I am facing a huge problem with real-time analysis of a PCS simulation. I want to simulate a power converter system, which can be used as a power converter. I have to do an accelerated simulation with a Battery. discharged into a resistor for example, I can simulate multiple times for a while in seconds and see the behavior of loading and unloading it, but the same did not happen when switched converters. To simulate 1h (3600s) for example, it would take a long time, so I can not see the discharge dynamics (SoC variation) of the battery, because if the simulation time is 1s what the battery sees is a current request that lasted 1 second only. How do I make this simulation "more real"?

Update (Showing my model)

Simulation Model

So my model consists in a bidirectional boost converter with a battery as a LVS. Into the subsystem "Controlador" within the "Controlador" block there are only 2 PI controllers and one PWM.

Then again describing my problem: If I just simulate the Battery pack with a controlled current source, I can simulate 21600 s (the equivalent of 6 hours) in just a few seconds in real life.

Take a look ate this simulation

12.8 V, 40 Ah, Lithium-Ion (LiFePO4) Battery Aging Model (1000 h Simulation)
This is a 1000h simulation that takes no more than a few seconds. So, what I'm trying to do is discharge this battery, and for that I need at least 3600s simulation, but in my model takes 3600s (more or a little bit less) in real life.

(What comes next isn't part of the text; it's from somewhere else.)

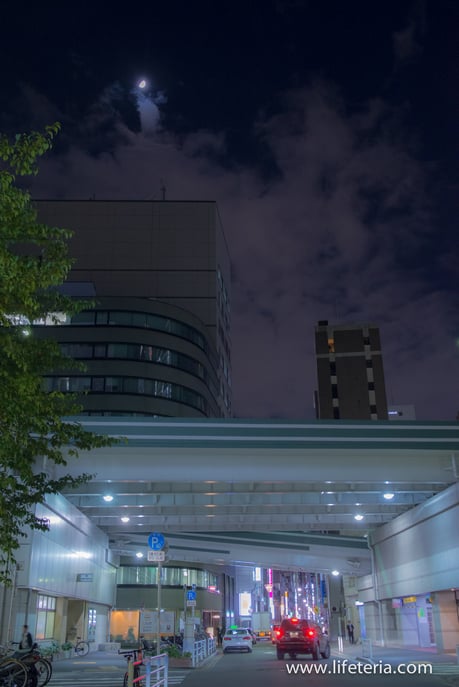 LifeTeria　ブログ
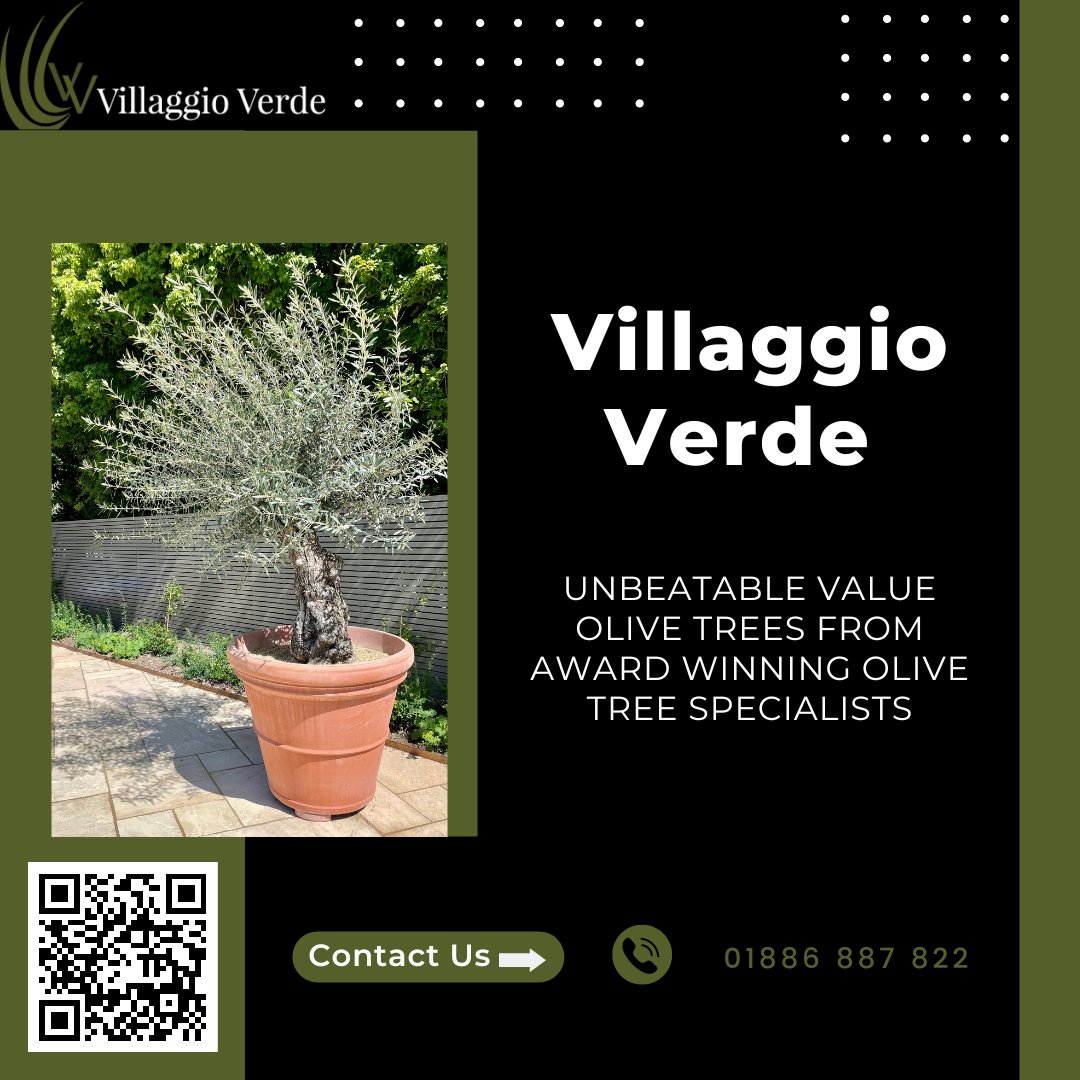Villaggio Verde tweet media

Ps.: The switching frequency is \$25kHz\$

  • \$\begingroup\$ Well, one answer is to get a better computer, but I imagine that isn't the answer you're looking for. \$\endgroup\$
    – Hearth
    May 12, 2018 at 1:25
  • \$\begingroup\$ It is not. The computer is not the problem, I use a Dell Server with Intel Xeon, 64Gb of RAM and nVidia Graphics Card. I need some tips or adjustments to do in Configuration parameters \$\endgroup\$
    – SrnLord
    May 12, 2018 at 1:38
  • \$\begingroup\$ What is the switching frequency of the converter? \$\endgroup\$
    – Hazem
    May 12, 2018 at 9:11
  • \$\begingroup\$ 25kHz is the switching frequency \$\endgroup\$
    – SrnLord
    May 12, 2018 at 12:22

2 Answers 2


What are you interested in?

Controller loop dynamics? You don't need to see more then a few hundreds of ms for that, just step the operating point conditions and do a series of short runs.

Battery charge/discharge curves, rip the DC-DC out and use something linear as a source or sink, much less painful.

Generally trying to sim two things that happen on vastly different timescales is always going to be painful compared to doing two separate simulations (One of them possibly repeated to sample meaningful numbers of operating points from the other one .

You could maybe try making the thing a multi rate system with the DC-DC running at a much higher sample rate then the battery model? Tends to be a bit of a pain, but it might help if for some reason you really need to model the whole thing.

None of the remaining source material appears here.